» **PROBLEM DESCRIPTION**: From the line below that contains "2026 ✅ Royal" to the line that contains "LEXUS LS 460 2011 - JTHBL5EF0B5105264", repeat every line exactly, both ends included, and nothing else.
EXTRACTED MATERIAL START
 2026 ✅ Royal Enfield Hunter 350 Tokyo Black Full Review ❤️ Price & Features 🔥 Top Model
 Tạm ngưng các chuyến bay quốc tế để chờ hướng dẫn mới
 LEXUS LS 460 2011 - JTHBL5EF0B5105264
EXTRACTED MATERIAL END
EXTRACTED MATERIAL START
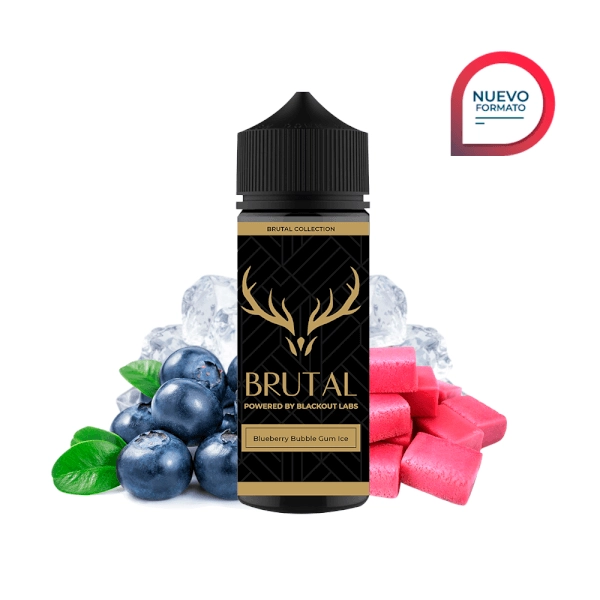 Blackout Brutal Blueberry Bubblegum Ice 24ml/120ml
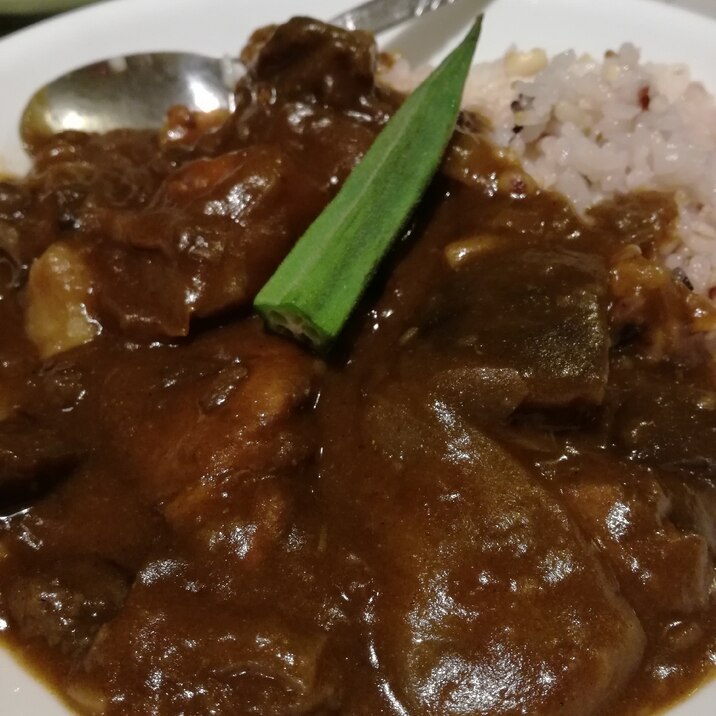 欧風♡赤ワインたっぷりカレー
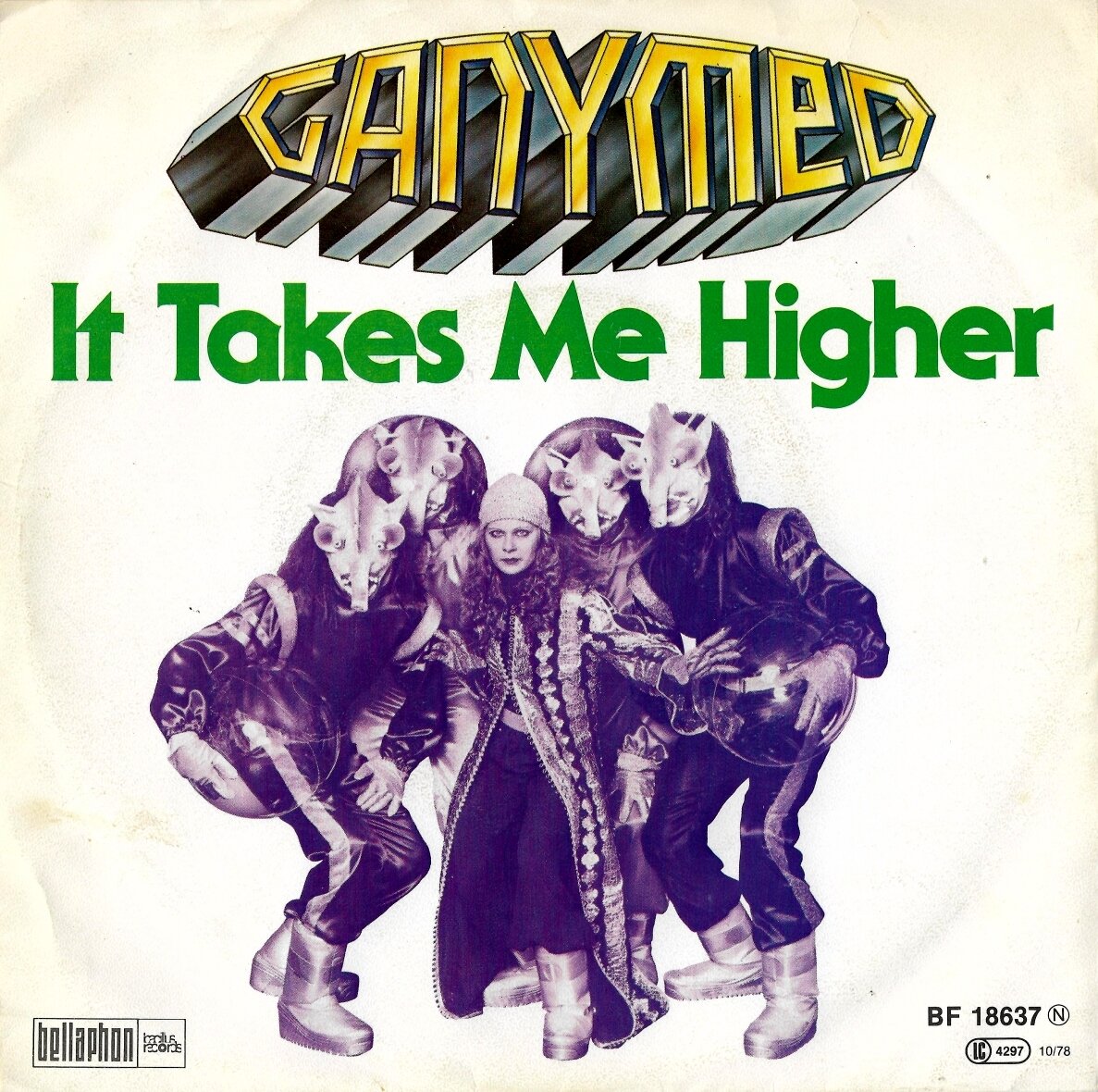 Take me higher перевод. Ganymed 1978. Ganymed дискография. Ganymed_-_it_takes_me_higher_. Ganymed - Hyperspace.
EXTRACTED MATERIAL END
» **RESPONSE FOR THIS EXERCISE**:
 2026 ✅ Royal Enfield Hunter 350 Tokyo Black Full Review ❤️ Price & Features 🔥 Top Model
 Tạm ngưng các chuyến bay quốc tế để chờ hướng dẫn mới
 LEXUS LS 460 2011 - JTHBL5EF0B5105264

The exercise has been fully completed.